Exercise aim: Every line below from the one containing "Couple Pair Wood" through the one containing "Dremisland Macrame Wall" must be transcribed exactly. Omit all lines outside that stretch.

---------- Given data

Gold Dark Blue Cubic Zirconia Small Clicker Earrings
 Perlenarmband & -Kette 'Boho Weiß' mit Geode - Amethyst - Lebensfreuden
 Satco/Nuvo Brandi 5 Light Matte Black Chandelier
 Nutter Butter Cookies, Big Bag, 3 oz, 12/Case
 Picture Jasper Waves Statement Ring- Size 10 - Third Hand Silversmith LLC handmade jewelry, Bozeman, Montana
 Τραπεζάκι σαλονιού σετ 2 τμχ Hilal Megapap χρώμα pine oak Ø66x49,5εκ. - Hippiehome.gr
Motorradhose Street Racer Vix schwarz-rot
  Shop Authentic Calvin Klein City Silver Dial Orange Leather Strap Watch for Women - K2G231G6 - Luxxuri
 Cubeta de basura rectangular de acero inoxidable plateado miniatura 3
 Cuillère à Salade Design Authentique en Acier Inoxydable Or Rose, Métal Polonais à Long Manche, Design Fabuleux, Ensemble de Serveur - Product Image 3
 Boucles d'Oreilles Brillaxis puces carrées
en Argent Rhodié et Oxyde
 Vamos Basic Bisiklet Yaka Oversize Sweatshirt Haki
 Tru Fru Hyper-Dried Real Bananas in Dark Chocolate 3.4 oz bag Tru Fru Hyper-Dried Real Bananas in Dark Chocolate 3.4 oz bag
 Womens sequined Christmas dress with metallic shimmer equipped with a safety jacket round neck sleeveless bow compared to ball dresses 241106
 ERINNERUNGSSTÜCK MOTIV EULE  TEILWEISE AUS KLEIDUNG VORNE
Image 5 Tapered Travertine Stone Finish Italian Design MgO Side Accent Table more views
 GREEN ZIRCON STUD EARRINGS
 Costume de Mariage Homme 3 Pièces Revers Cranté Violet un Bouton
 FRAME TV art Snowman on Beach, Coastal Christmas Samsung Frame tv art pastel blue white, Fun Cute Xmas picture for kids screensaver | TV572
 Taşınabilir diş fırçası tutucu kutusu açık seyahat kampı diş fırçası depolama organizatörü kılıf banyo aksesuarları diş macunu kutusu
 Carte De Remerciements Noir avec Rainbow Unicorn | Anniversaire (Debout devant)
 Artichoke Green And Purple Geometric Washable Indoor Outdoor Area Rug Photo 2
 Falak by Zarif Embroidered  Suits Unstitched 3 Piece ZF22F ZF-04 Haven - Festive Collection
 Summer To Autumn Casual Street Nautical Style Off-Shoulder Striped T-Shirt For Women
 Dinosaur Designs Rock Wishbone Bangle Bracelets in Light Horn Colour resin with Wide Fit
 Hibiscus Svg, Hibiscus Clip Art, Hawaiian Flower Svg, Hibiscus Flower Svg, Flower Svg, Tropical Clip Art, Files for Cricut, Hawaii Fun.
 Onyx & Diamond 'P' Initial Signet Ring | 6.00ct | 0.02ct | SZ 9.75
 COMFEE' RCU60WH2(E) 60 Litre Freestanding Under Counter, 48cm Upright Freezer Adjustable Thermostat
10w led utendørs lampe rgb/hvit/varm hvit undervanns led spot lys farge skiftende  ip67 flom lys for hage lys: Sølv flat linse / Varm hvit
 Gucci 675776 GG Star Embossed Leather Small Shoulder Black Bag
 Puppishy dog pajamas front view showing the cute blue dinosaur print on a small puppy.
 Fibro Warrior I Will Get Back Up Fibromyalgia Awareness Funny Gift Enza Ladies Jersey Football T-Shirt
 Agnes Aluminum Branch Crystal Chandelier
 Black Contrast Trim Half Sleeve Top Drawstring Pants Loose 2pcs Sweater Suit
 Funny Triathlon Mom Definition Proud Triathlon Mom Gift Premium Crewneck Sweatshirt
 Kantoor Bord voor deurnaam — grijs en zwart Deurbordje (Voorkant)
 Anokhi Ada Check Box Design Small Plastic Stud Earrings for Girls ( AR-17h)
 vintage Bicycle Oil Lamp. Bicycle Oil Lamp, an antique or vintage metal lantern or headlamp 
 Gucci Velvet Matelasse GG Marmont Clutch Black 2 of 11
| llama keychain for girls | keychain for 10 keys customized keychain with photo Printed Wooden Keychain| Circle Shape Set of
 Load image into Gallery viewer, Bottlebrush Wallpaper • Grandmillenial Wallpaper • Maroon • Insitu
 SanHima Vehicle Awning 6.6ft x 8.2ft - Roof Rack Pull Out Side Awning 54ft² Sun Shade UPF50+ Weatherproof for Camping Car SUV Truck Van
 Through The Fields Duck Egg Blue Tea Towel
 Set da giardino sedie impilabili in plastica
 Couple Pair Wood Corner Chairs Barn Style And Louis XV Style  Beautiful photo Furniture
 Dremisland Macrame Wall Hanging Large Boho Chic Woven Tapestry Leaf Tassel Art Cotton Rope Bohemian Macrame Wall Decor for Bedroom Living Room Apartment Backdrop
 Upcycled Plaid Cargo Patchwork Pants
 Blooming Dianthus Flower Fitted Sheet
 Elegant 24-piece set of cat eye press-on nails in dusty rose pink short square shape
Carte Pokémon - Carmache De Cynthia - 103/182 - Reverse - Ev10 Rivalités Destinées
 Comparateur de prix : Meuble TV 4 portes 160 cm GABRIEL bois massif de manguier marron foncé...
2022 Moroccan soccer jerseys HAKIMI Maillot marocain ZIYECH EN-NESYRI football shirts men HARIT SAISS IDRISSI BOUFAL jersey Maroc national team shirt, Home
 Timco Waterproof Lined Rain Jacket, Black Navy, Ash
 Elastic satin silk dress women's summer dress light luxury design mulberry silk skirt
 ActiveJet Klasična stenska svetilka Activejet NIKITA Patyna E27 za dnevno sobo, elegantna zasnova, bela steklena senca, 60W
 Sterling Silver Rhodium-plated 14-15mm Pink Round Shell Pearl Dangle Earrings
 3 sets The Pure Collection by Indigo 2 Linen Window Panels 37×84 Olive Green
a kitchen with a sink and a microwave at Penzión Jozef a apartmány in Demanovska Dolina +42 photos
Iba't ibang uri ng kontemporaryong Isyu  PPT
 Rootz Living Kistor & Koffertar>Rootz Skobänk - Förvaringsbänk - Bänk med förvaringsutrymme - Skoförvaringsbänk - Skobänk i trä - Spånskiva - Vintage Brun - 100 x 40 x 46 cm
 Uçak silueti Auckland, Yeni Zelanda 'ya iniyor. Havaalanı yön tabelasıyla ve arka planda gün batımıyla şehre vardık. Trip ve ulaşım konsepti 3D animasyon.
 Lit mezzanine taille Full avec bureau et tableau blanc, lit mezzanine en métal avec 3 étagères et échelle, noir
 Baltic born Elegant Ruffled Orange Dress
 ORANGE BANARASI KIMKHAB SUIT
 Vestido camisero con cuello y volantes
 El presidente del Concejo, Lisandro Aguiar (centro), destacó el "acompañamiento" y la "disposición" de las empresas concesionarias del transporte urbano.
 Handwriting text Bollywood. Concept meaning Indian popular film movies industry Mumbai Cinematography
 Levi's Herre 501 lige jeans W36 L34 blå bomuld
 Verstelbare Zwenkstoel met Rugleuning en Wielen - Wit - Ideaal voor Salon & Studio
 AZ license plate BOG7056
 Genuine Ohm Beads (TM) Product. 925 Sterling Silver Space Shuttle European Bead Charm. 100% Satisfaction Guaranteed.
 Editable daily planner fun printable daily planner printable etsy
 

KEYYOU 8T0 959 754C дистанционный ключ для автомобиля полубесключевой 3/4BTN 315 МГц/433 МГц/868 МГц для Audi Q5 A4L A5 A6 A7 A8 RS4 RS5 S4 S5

--------------------

Exercise response:
 Couple Pair Wood Corner Chairs Barn Style And Louis XV Style  Beautiful photo Furniture
 Dremisland Macrame Wall Hanging Large Boho Chic Woven Tapestry Leaf Tassel Art Cotton Rope Bohemian Macrame Wall Decor for Bedroom Living Room Apartment Backdrop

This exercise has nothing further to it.